Problem to solve>
Below are records to return verbatim; the pictures are to be dropped.

Stored records:
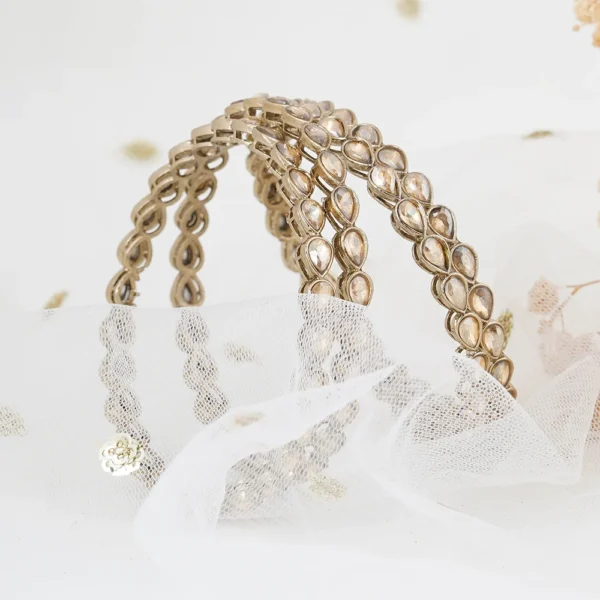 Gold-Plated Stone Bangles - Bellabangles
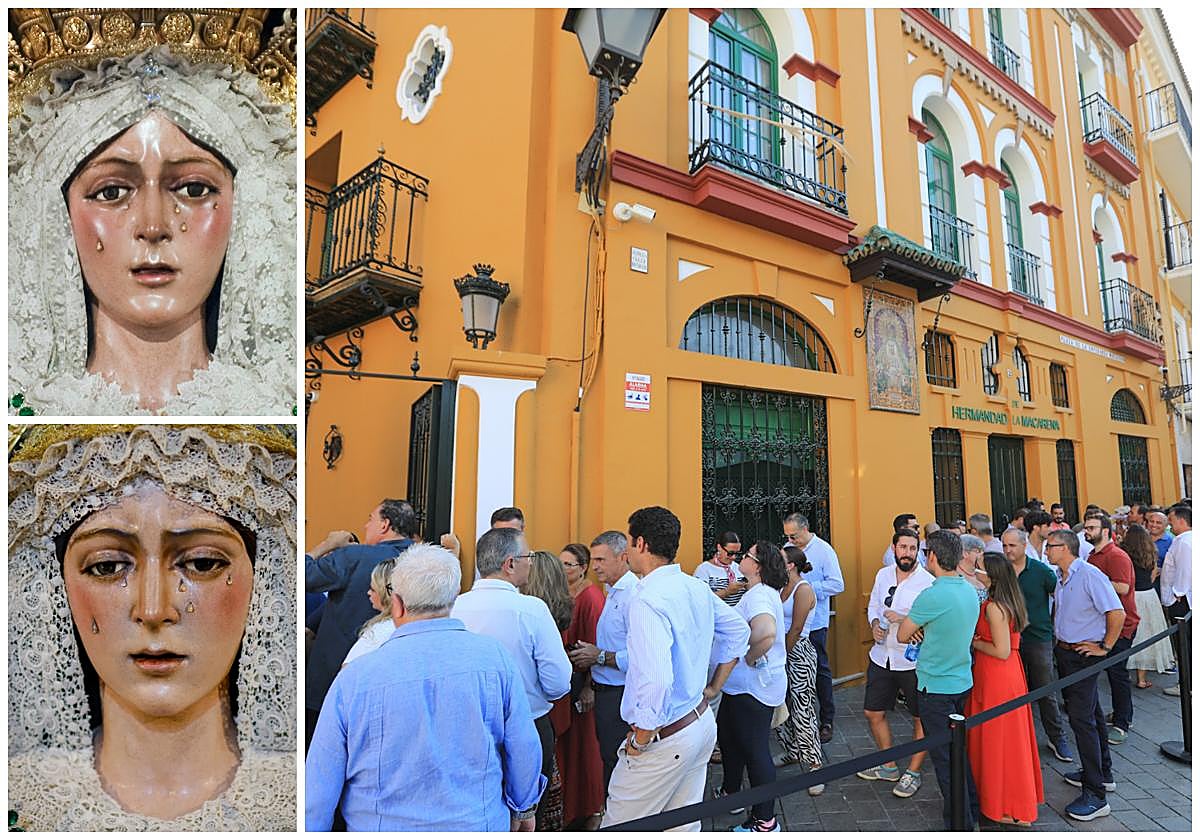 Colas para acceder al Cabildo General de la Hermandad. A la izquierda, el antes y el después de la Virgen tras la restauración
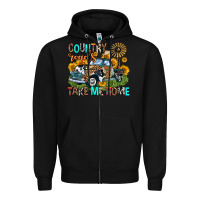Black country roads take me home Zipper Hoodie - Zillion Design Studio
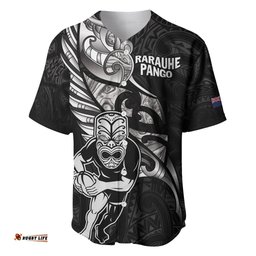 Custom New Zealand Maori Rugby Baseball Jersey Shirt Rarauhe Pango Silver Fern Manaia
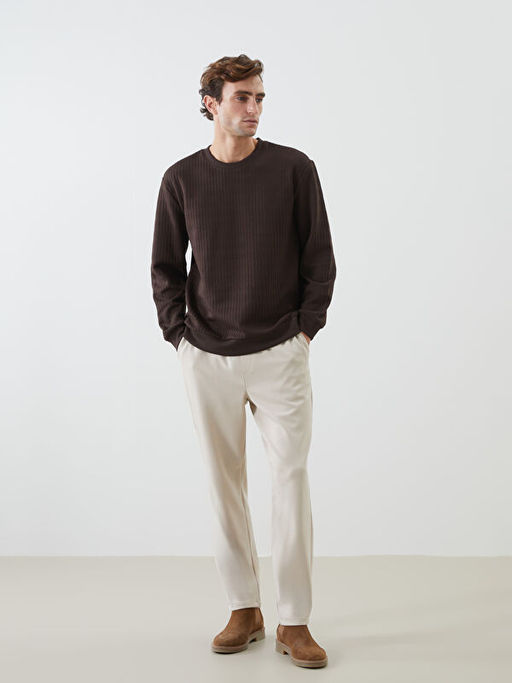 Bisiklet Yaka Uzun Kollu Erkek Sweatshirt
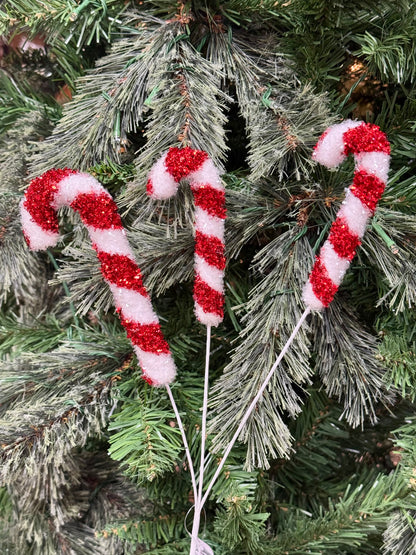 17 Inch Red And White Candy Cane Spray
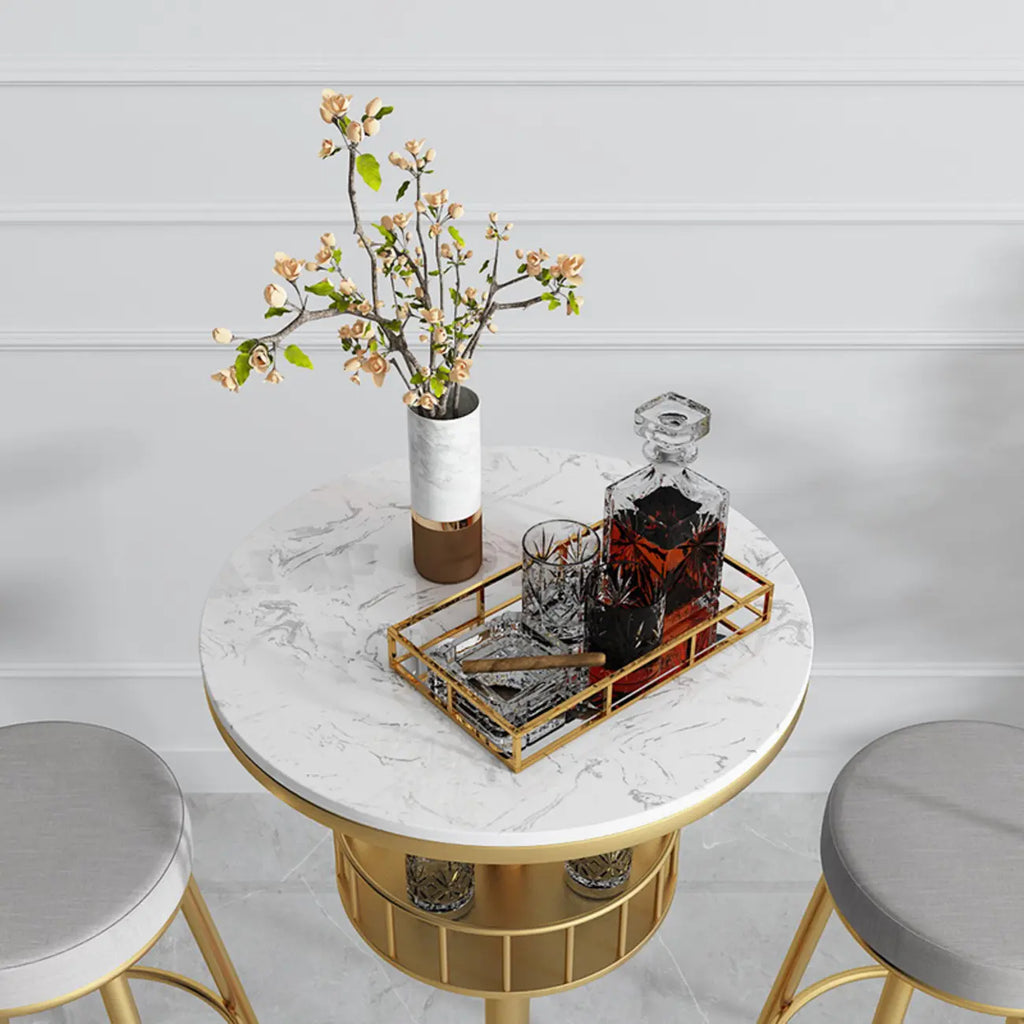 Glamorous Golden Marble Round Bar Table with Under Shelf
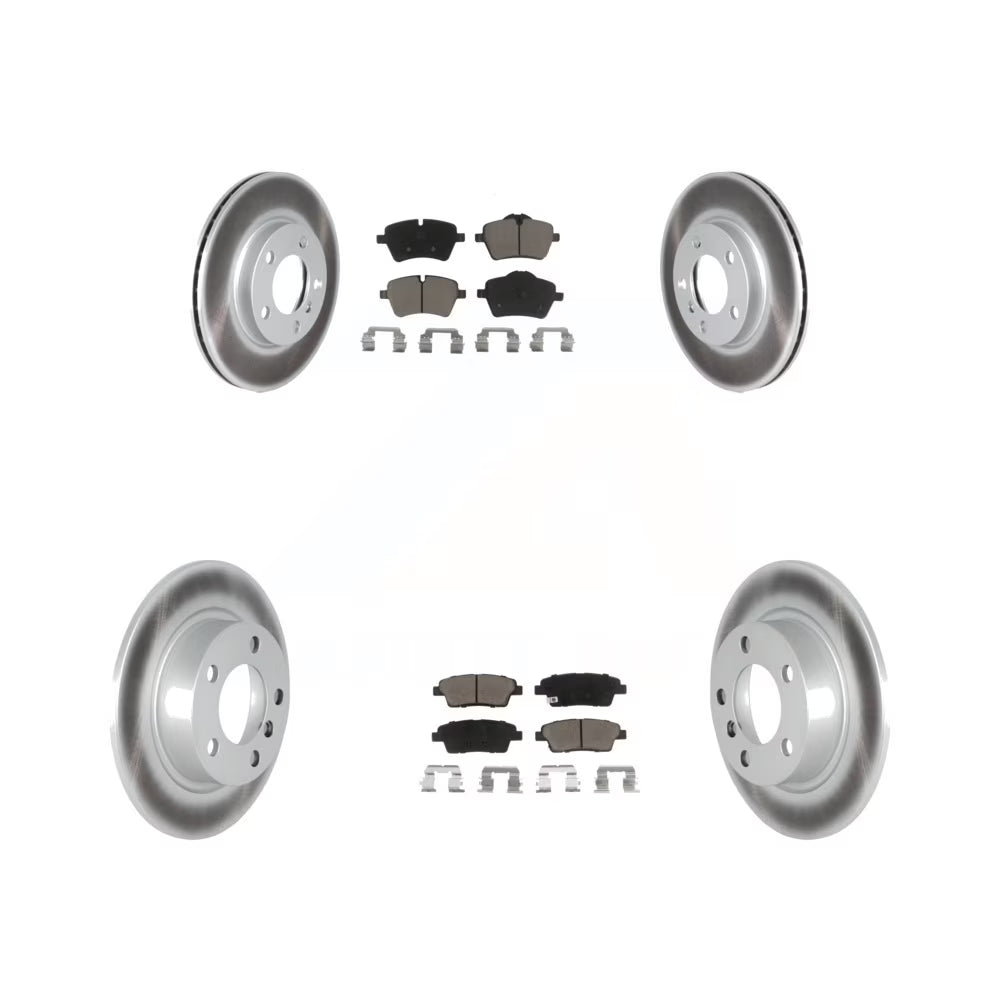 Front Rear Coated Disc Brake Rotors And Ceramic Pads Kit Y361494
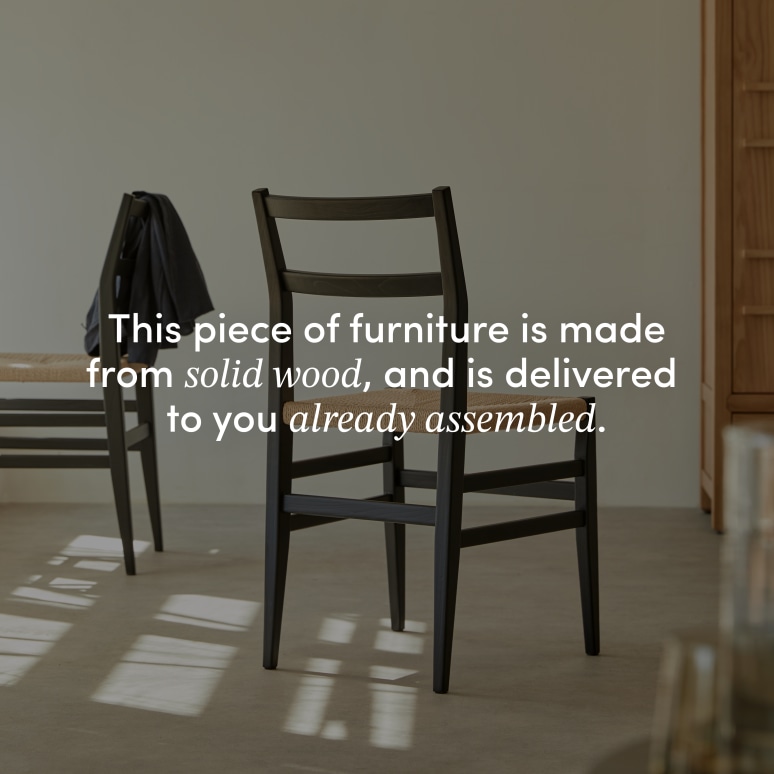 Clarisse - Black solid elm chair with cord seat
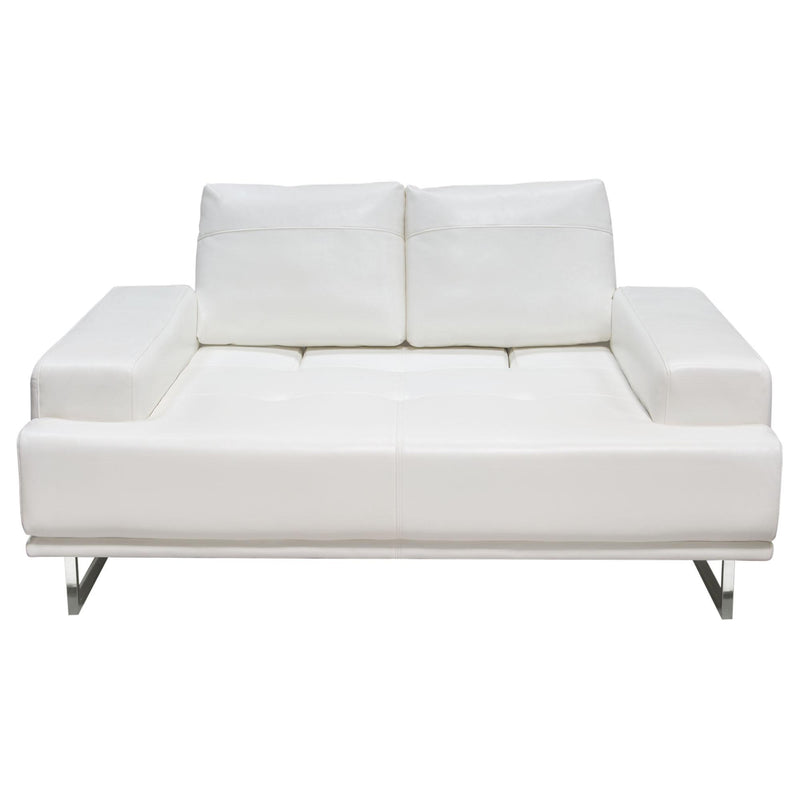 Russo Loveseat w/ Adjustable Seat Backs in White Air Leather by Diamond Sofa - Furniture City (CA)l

Exercise solution>
 Gold-Plated Stone Bangles - Bellabangles
 Colas para acceder al Cabildo General de la Hermandad. A la izquierda, el antes y el después de la Virgen tras la restauración
Black country roads take me home Zipper Hoodie - Zillion Design Studio
 Custom New Zealand Maori Rugby Baseball Jersey Shirt Rarauhe Pango Silver Fern Manaia
 Bisiklet Yaka Uzun Kollu Erkek Sweatshirt
 17 Inch Red And White Candy Cane Spray
 Glamorous Golden Marble Round Bar Table with Under Shelf
 Front Rear Coated Disc Brake Rotors And Ceramic Pads Kit Y361494
 Clarisse - Black solid elm chair with cord seat
 Russo Loveseat w/ Adjustable Seat Backs in White Air Leather by Diamond Sofa - Furniture City (CA)l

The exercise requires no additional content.